Compelled By Love: Book Study – Chapter 10

05 March, 2015
Paul Preaching in Athens by Raphael in 1515

Paul Preaching in Athens by Raphael in 1515

We are a people who cried out for freedom. God has heard our cry and continues to listen. His answer is His love.

The world is also crying out for freedom. We can hear the cries of the hearts of people around us. God hears them too, and in setting us free He invites us to take part in his answering their cries. In an earlier chapter we discussed how we are set free to love God and others. When we do this we live a persuasive life, like the apostle Paul, that declares to the world that the Father, Son, and Spirit have come to bring home all who are lost.

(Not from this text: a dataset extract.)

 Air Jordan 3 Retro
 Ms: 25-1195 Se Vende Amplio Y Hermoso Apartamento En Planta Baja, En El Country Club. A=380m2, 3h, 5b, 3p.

When we live this persuasive life we show others the love of God that has set us free.

The lost will return home. They will find freedom and love, and the Father will rejoice over his beloved’s return.

Study Questions

1. Describe what you picture in your mind when you think of the church. How does the description in the chapter inform your understanding of the church?

2. Do an honest assessment of your relationship with God. Do you relate to him out of religious duty or out of relational desire? How might each of these approaches affect your being able to live a persuasive life?

3. God’s love has made us new! We have a new hope and a new freedom. We can begin to dream new dreams. What might those dreams for your new life compelled by love look like?

4. You have cried out for freedom. God has heard your cry and continues to listen to it. He has set you free in his love. The world is crying out for freedom, too. Name and talk about one thing from your own experience that you can share with others that are crying out for freedom?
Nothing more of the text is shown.